> **About this task**
Copy every record below exactly as written, but leave out the pictures.

Extracted data entries:
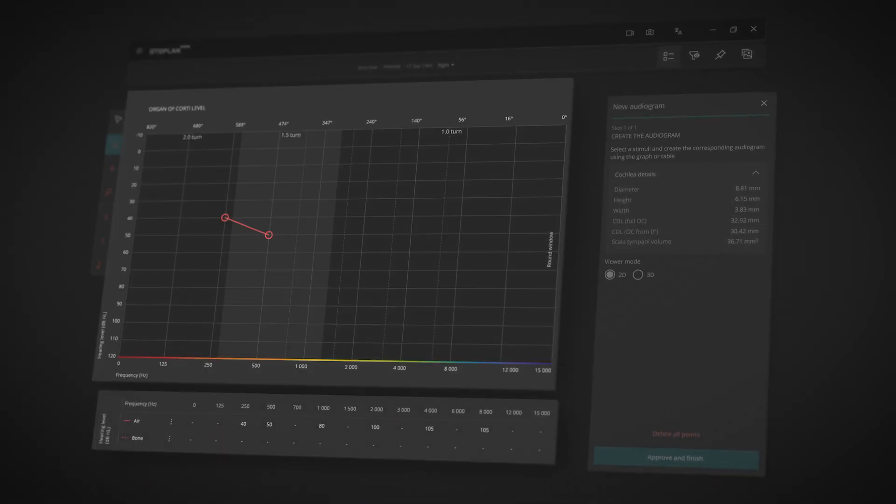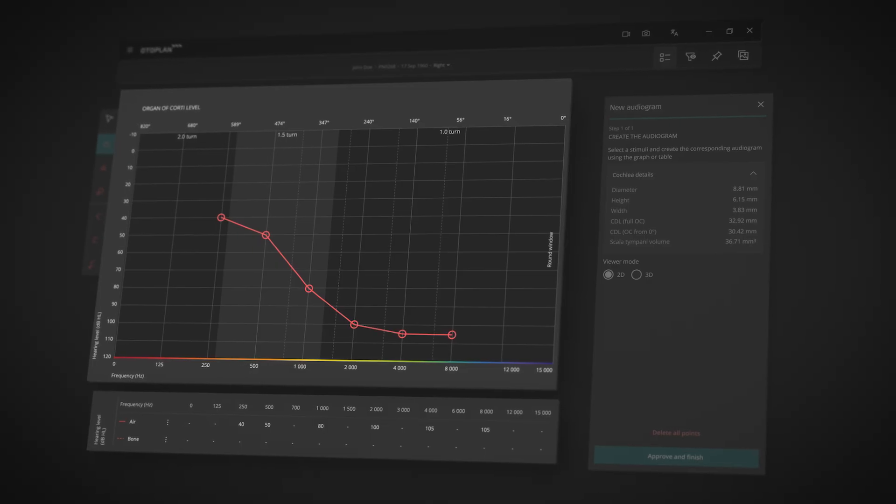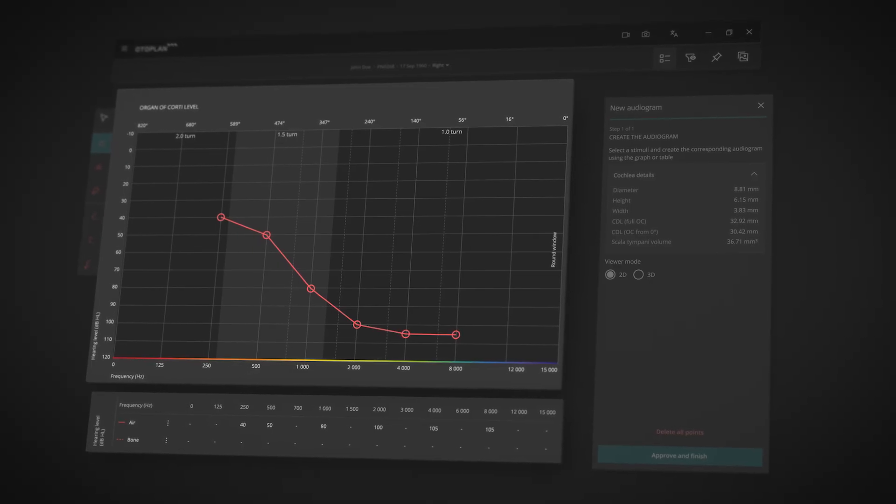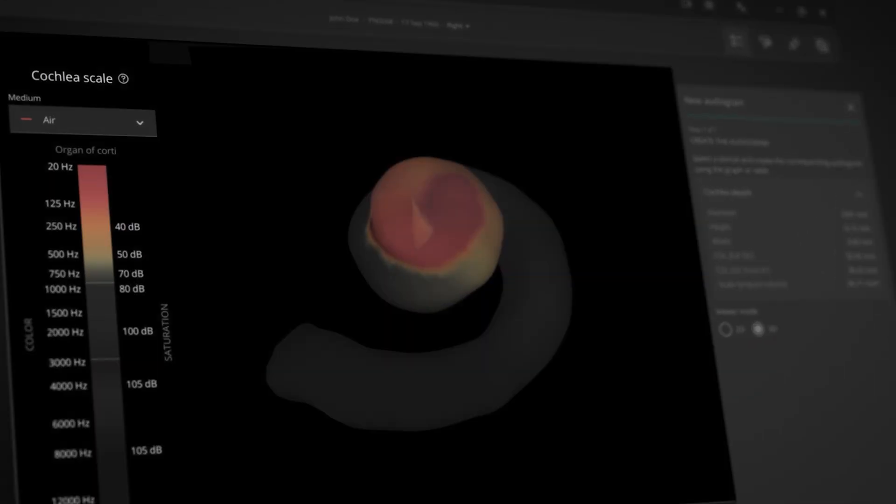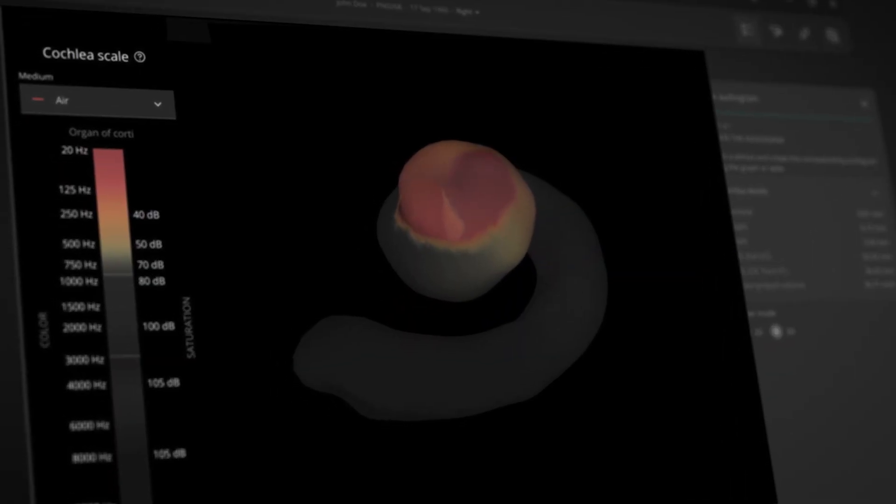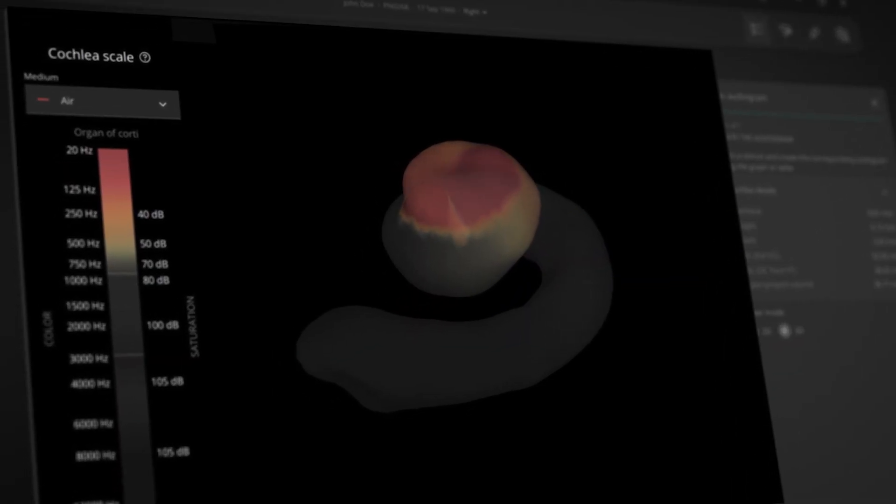And for a combined view of audiological and anatomical info, there's a 3D audiogram.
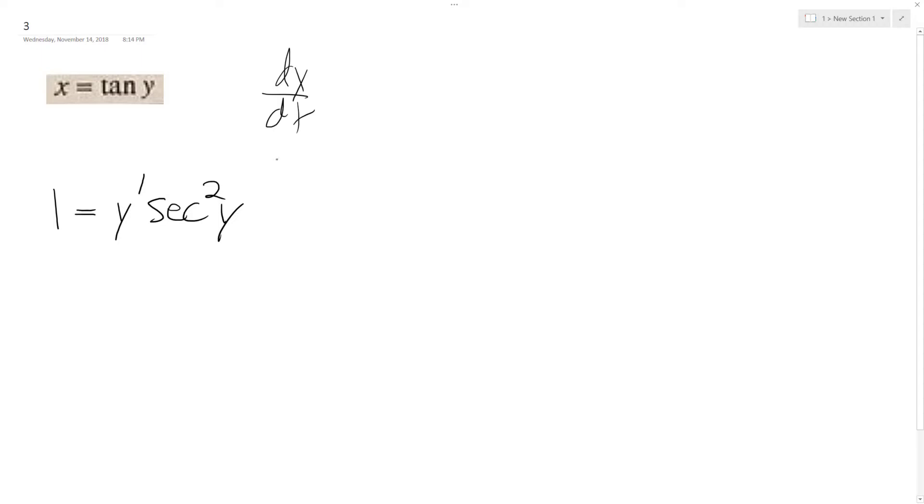And y prime is the same thing as dy/dx. It's just a shorthand way to write it. So basically, y prime, I divide both sides by secant, so I get 1 over the secant squared y.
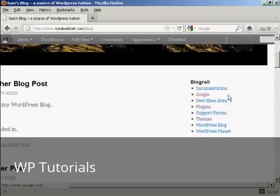So there you go. That's how you can add and edit new links into your blog roll. That's cool.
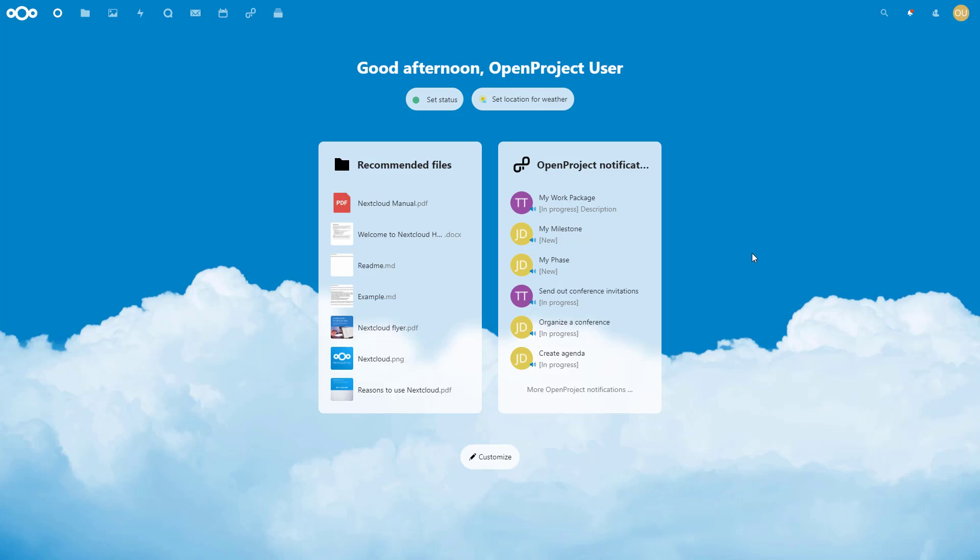Further integration efforts are underway, which will deliver a Nextcloud integration also on the OpenProject side.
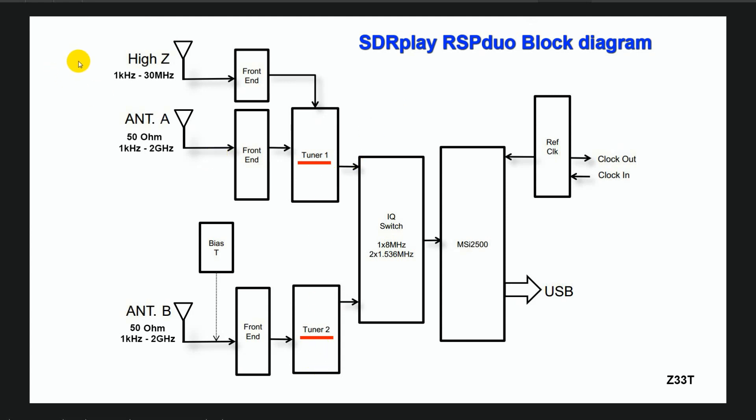Tuner 1 has two antenna ports: high Z antenna port with frequency response from 1 kHz to 30 MHz and 50 ohm antenna port with frequency response from 1 kHz to 2 GHz. Tuner 2 has only one 50 ohm antenna port with frequency response from 1 kHz to 2 GHz. This antenna port also has BIAS-T for powering devices such as low noise antenna preamplifiers.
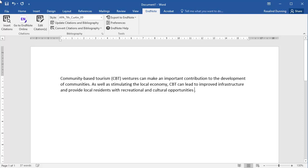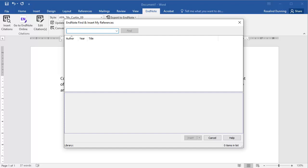Then click Insert Citation in the Cite While You Write toolbar. A Find and Insert My References dialog box will appear. Enter the author's name or keywords from the reference and click Find.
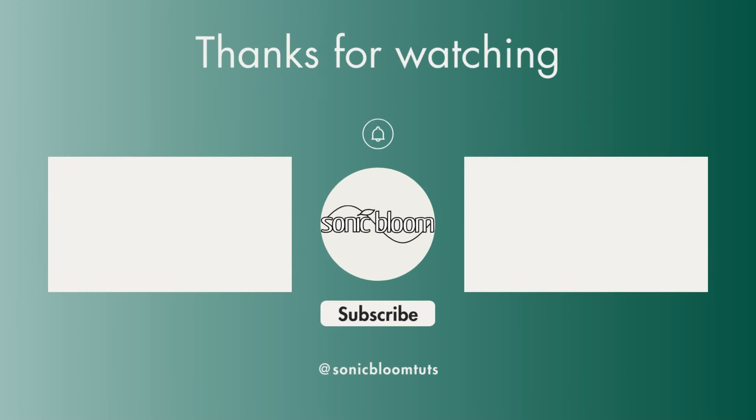I hope you find this useful. If you did, don't forget to like, share and subscribe. I'll hopefully see you next time. Until then, bye.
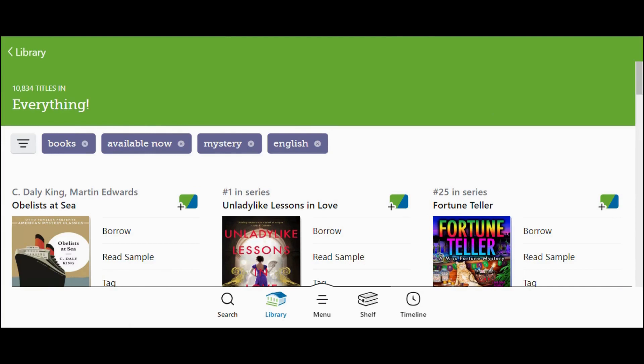When you are browsing and searching, there are several filters you can use to narrow your results down. When you select one or more filters, only the titles that meet those criteria will be displayed and all other results will be hidden. The filters you have chosen will appear at the top of the screen next to the filter button.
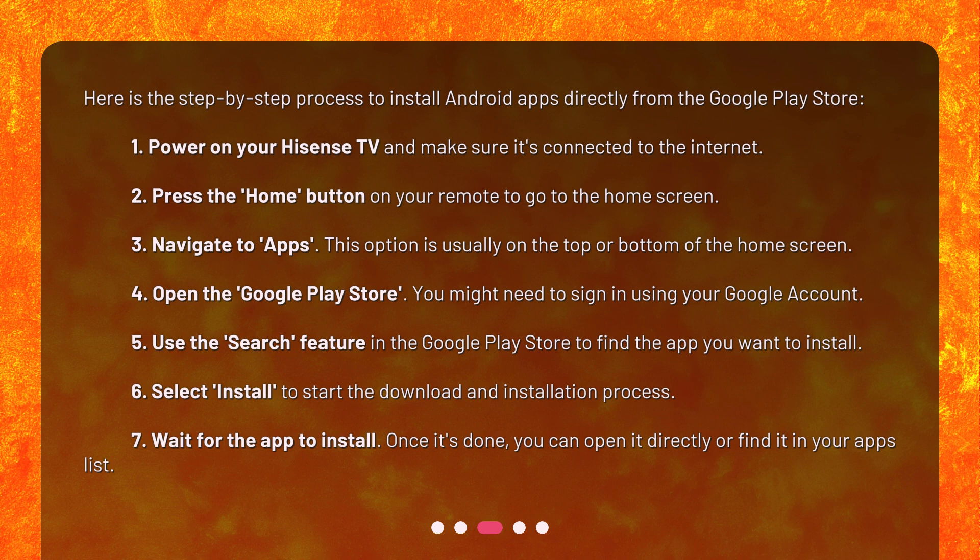5. Use the Search feature in the Google Play Store to find the app you want to install. 6. Select Install to start the download and installation process. 7. Wait for the app to install. Once it's done, you can open it directly or find it in your apps list.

> **Solution to the exercise**
And for a combined view of audiological and anatomical info, there's a 3D audiogram.
And y prime is the same thing as dy/dx. It's just a shorthand way to write it. So basically, y prime, I divide both sides by secant, so I get 1 over the secant squared y.
So there you go. That's how you can add and edit new links into your blog roll. That's cool.
Further integration efforts are underway, which will deliver a Nextcloud integration also on the OpenProject side.
Tuner 1 has two antenna ports: high Z antenna port with frequency response from 1 kHz to 30 MHz and 50 ohm antenna port with frequency response from 1 kHz to 2 GHz. Tuner 2 has only one 50 ohm antenna port with frequency response from 1 kHz to 2 GHz. This antenna port also has BIAS-T for powering devices such as low noise antenna preamplifiers.
Then click Insert Citation in the Cite While You Write toolbar. A Find and Insert My References dialog box will appear. Enter the author's name or keywords from the reference and click Find.
I hope you find this useful. If you did, don't forget to like, share and subscribe. I'll hopefully see you next time. Until then, bye.
When you are browsing and searching, there are several filters you can use to narrow your results down. When you select one or more filters, only the titles that meet those criteria will be displayed and all other results will be hidden. The filters you have chosen will appear at the top of the screen next to the filter button.
5. Use the Search feature in the Google Play Store to find the app you want to install. 6. Select Install to start the download and installation process. 7. Wait for the app to install. Once it's done, you can open it directly or find it in your apps list.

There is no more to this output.